One of the things that I like best about this biography by Reynolds is that he does not attempt to sidestep the nature of Brown's life and deeds. Instead, he looks openly at the questions of criminal violence, morality, puritanism and madness that drove the man and his sons. While I feel that Reynolds has a difficult time not admiring Brown, he rarely stoops to excuse him. There is one important exception to this-- at the end of the book while Reynolds is discussing the legacy, he glosses over the question of other kinds of American moral terrorists. He tries to make the point that slavery was fundamentally different than taxes or abortion as an issue to be addressed-- that there was something so unique about the social problem slavery presented that nearly no option except violence was open. I found that too easy. The problem at the heart of Harpers Ferry is that while the modern reader can sympathize with the frustration and rage that lay behind the actions of that day, I think that it is very difficult to find what Brown did legitimate without allowing other would-be good terrorists recourse to the same methods.
It is an interesting problem. To be frank, I do not know where I stand on its points. But it adds depth to what would otherwise be another exhaustive civil war biography, and makes the book something really special.
I did not go into reading John Brown Abolitionist with much knowledge of its subject. In fact, I would hazard a guess that having sung "John Brown's Baby" as a child was as close as I got to ever really thinking about the man.

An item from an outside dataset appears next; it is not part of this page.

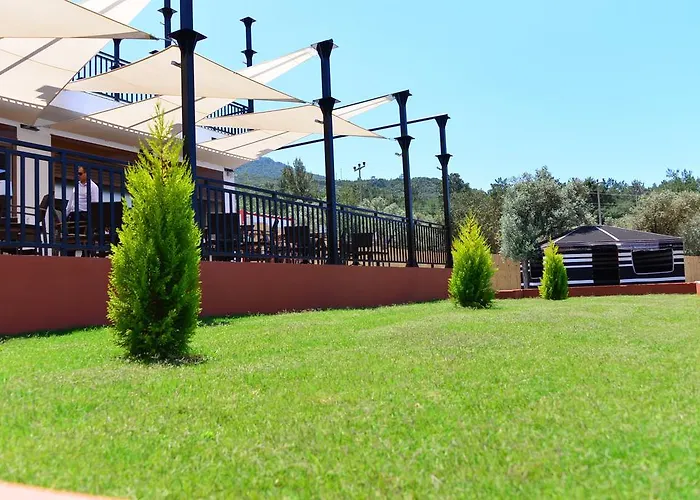 Ramada By Wyndham Akbuk Hotel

All the same, I did not find the history confusing or the text too exhaustive. It is a long book, but I got value from the whole length.

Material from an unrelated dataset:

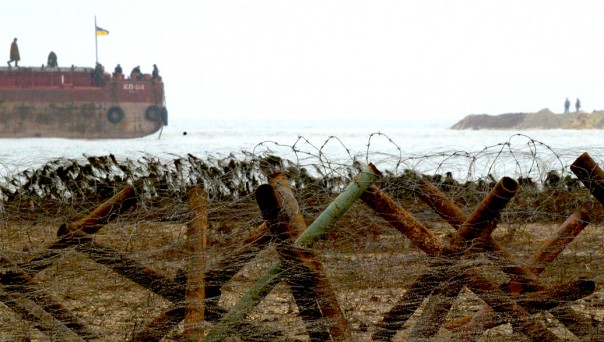 На Украине заявили о переброске войск к Азовскому морю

I have to also say that normally I have very little patience for history as written by literature professors, but in this case Reynold's background suits the subject well. John Brown, phenomenon, is as much about the symbol as the man himself and it is in literature that the symbol was so powerfully created. One of my favorite aspects of the book was considering how writers like Alcott, Emerson and Thoreau picked up Brown as an icon.
Highly recommended. I'm still thinking about it, even several weeks after I closed the covers.